From the volcano to the death road

on 2017-10-29 in Colombia
We headed directly west from Bogota to the nearby Volcano del Ruiz. Gonzalo had mentioned to us that the road around the volcano would be mostly gravel which is why we decided to stop early near the volcano. The next morning we headed straight towards the mountain. We soon realized that our view would mostly be obstructed by thick fog. Our decision to stop the day before was definitely the right one, but we still stood before closed gates at the end of the gravel road. It was prohibited to go up the last kilometers by bike because of volcanic activities and so we would have to take a bus or a car. Because of the thick fog we decided against the tour because it was impossible to see further then a couple of hundred meters.

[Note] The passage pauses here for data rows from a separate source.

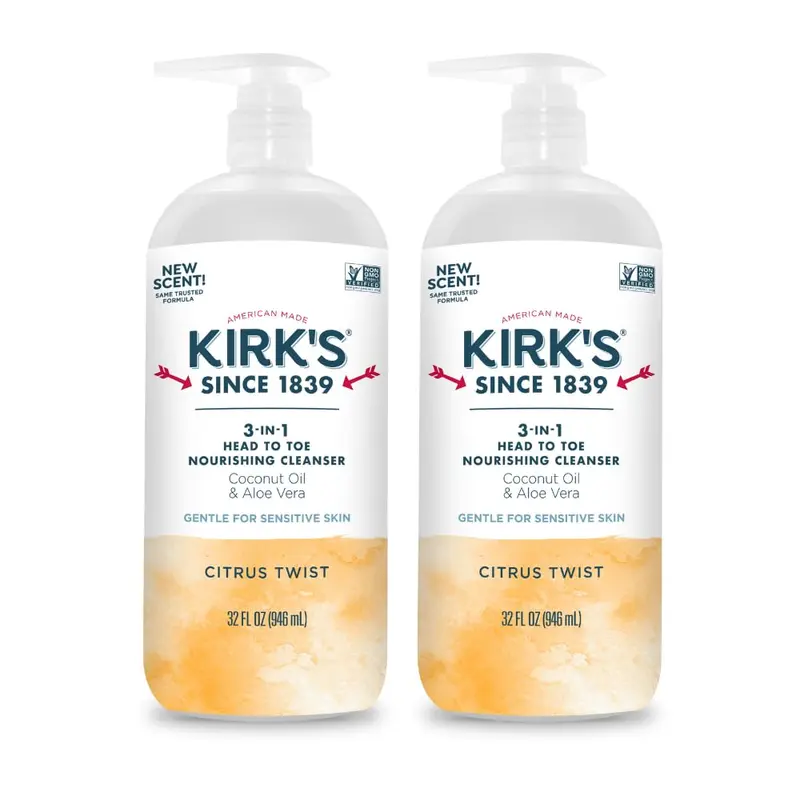 Kirk's 3-en-1 Nettoyant Nourrissant Tête-à-Pied – Coco & Aloe, Sans OGM & Végan – Senteur Agrumes – Lot de 2 x 32 oz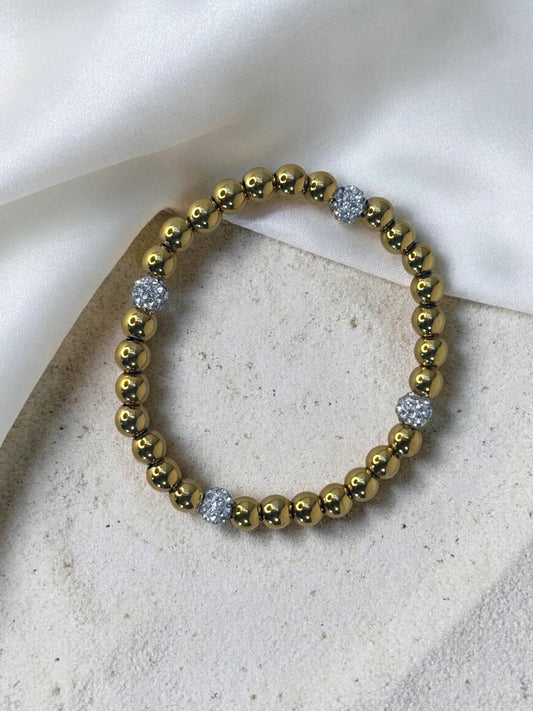 Gold Beaded Stretch Bracelet with Sparkling Pavé Accents
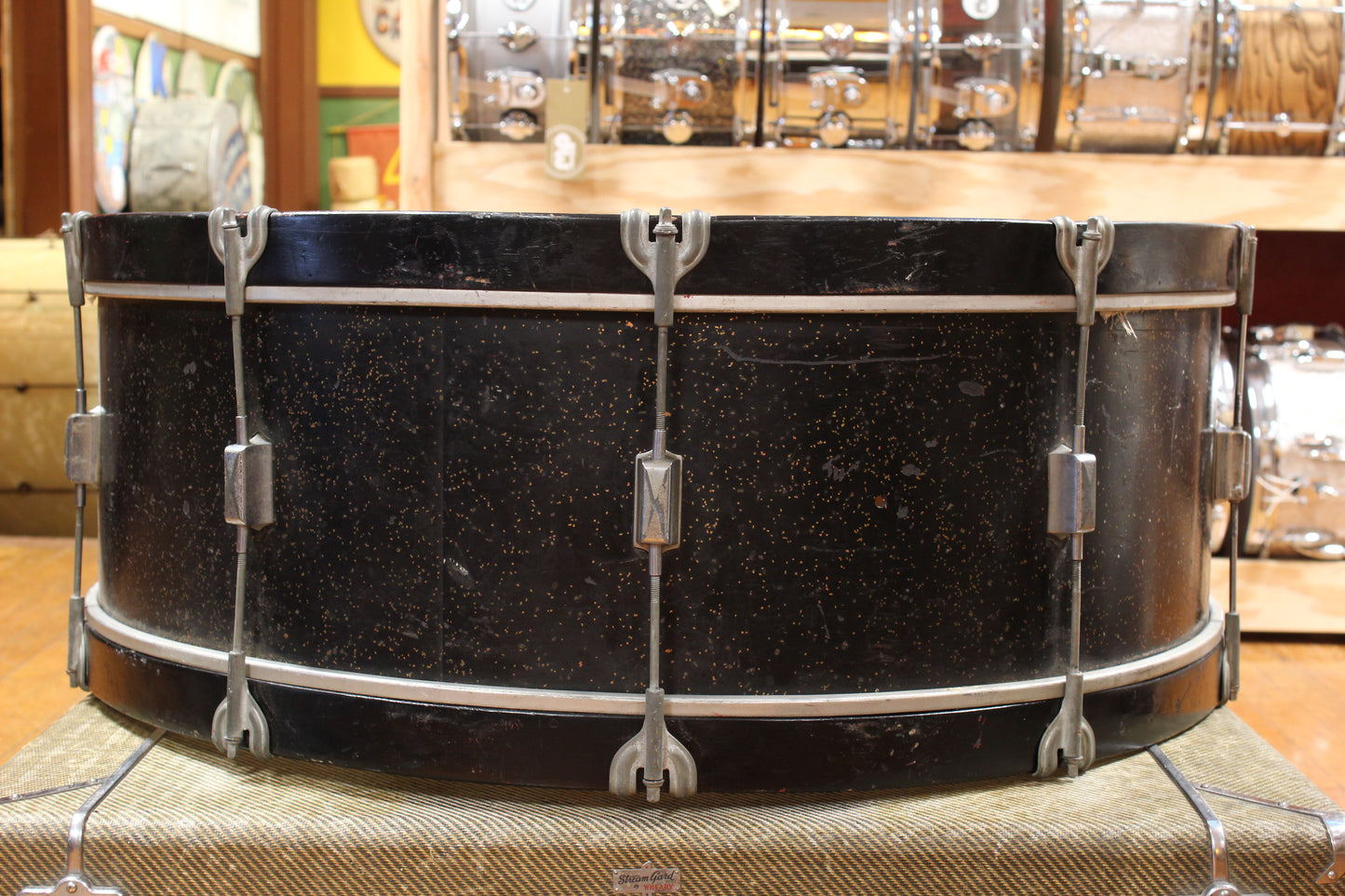 1940s Leedy 10x30 Spartan Scotch Type Bass Drum in Black Sparkle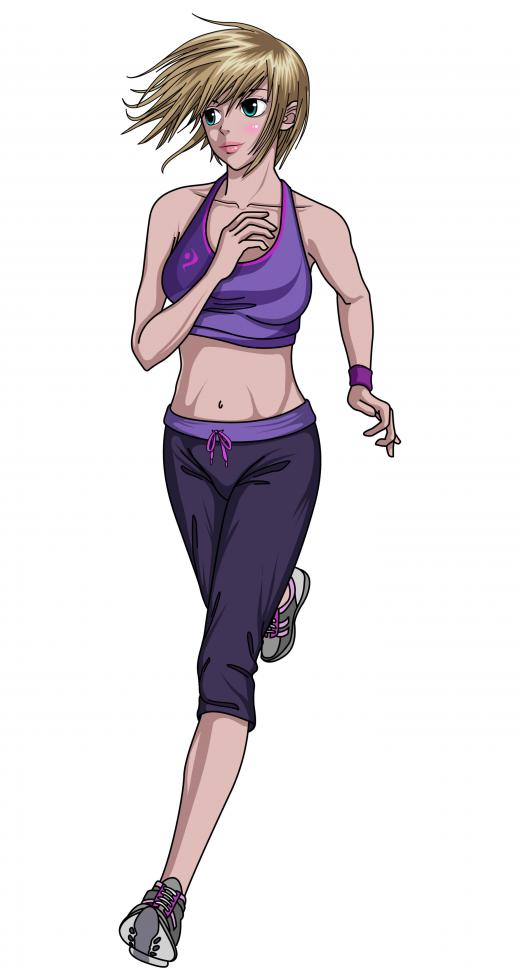 Manga style running girl drawn by a penciller.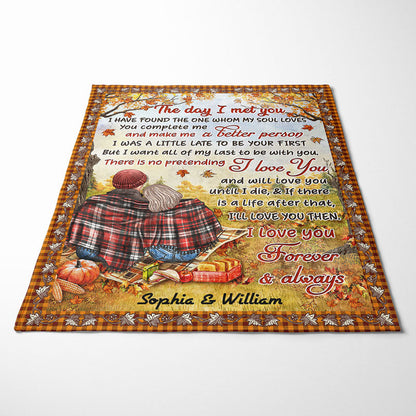 Autumn Flannel Couple The Day I Met You - Personalized Custom Blanket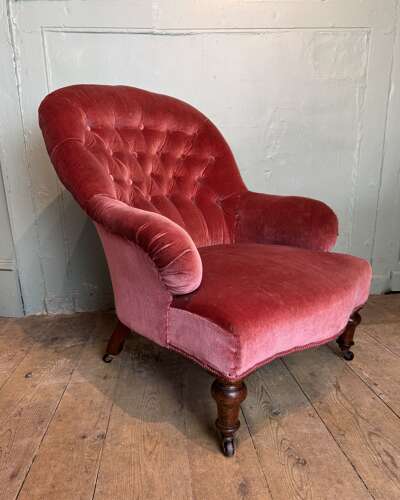 Victorian Iron Framed Button Back Armchair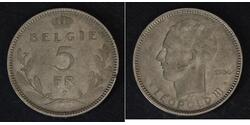 5 Franc Bélgica Níquel Leopoldo III de Bélgica
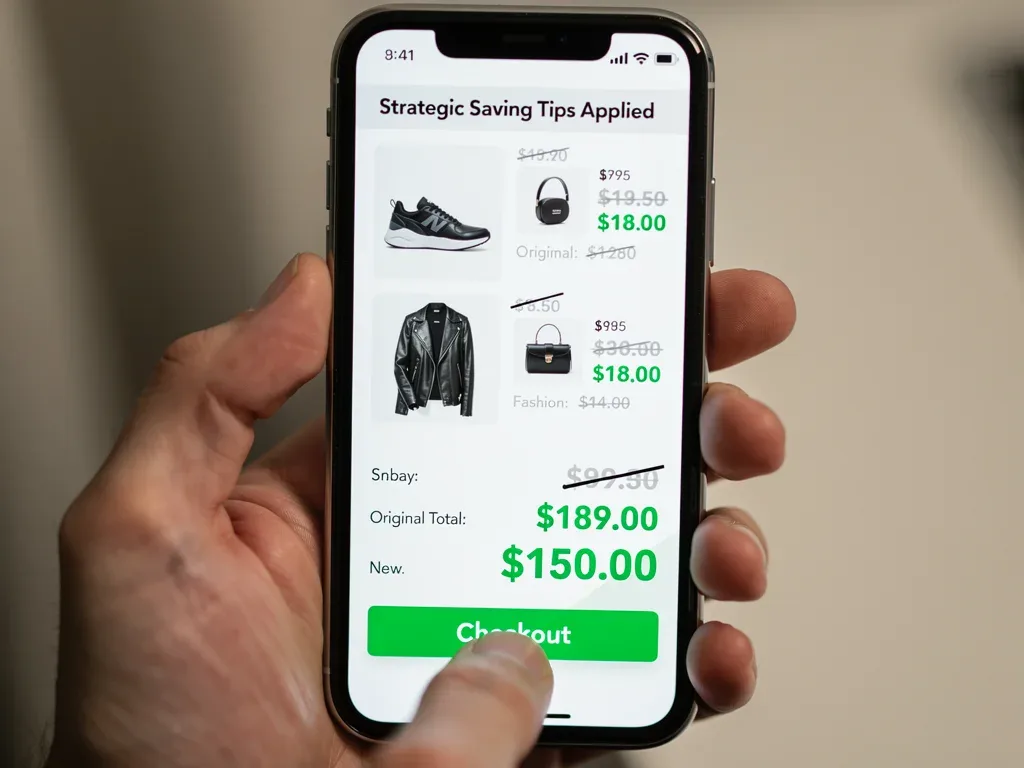 Smartphone screen showing reduced online fashion cart total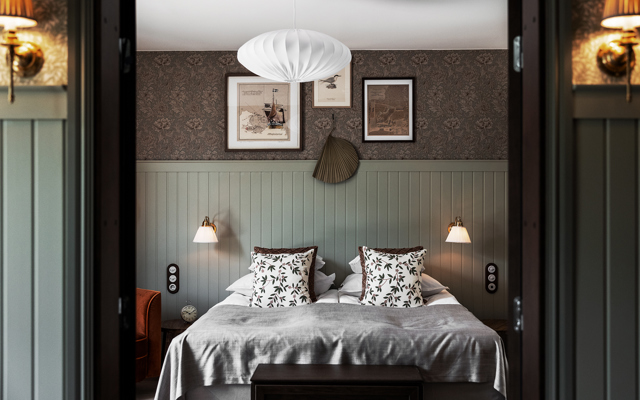 Hotellrum med vacker inredning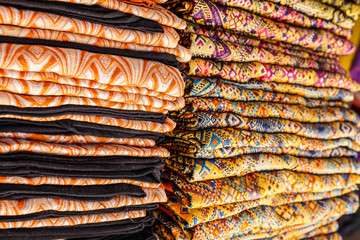 hand woven colorful fabric of northern Thailand.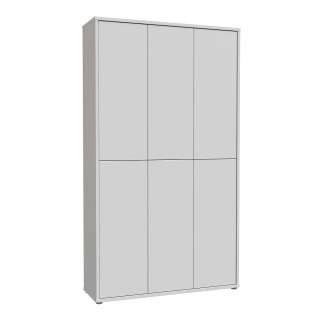 Stort skoskap Alice 109x192 - lys grå matt - 6 dører - hyller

So we headed further south crossing the high Andes at more than 13000 feet. The landscape was incredible, finally we were back in the mountains. No more jungle, no more high humidity, only beautiful curvy roads through trees and fields. We kept passing through clouds on these high winding roads so it was a mix of sunshine and fog. Sometimes we were hit by short thunderstorms with lots of rain followed by beautiful blue skies and a warm shining sun. We ventured forth alongside the mountains towards the south. We were surprised to see so much military along the road. Geared up to the teeth with large caliber rifles and vehicles. We got a little sense of what it meant to fight the guerrilla. This region is still riddled with small guerrilla groups fighting with the local military in spite of the year long peace contract between the government and Farc. The military personal along the roads always gave us a thumbs up when we passed which at first we thought was quite common to us bike travelers, but after seeing that they also did this to the locals we concluded that it meant that the road was clear.

Shortly before the border to Ecuador we switched back to the Panamericana, because the road leading us to it called "Trampolín de la Muerte" was supposed to be a beautiful gravel road across the mountains. It is also famous as one of the most dangerous roads of South America. This reputation mostly comes from back in the days when there was no way around and many trucks crashed down the steep cliffs. If one does not try to make record times across the mountain pass it simply turns into a beautiful and fun offroad pass. None of us died and so we found ourselves once more on the Panamericana. The Panamericana is the infamous road from Alaska to Ushuaia and equally famous as the Route 66. But to be honest as it is with most of the famous roads that stand for freedom and adventure in the end they are basically just very famous unspectacular roads. Their reputation is the only thing that survived over time. More interesting was the Santuario de Las Lajas, a church built near the Colombian-Ecuadorian border. It was built in a valley on a bridge stretching over a river. One can already see it from the mountains far away. After a short visit with some pictures we headed to the border. The Colombian side was quick and went without any problems, that's how borders should be! In a good mood we headed towards Ecuador where we were greeted by the exact opposite.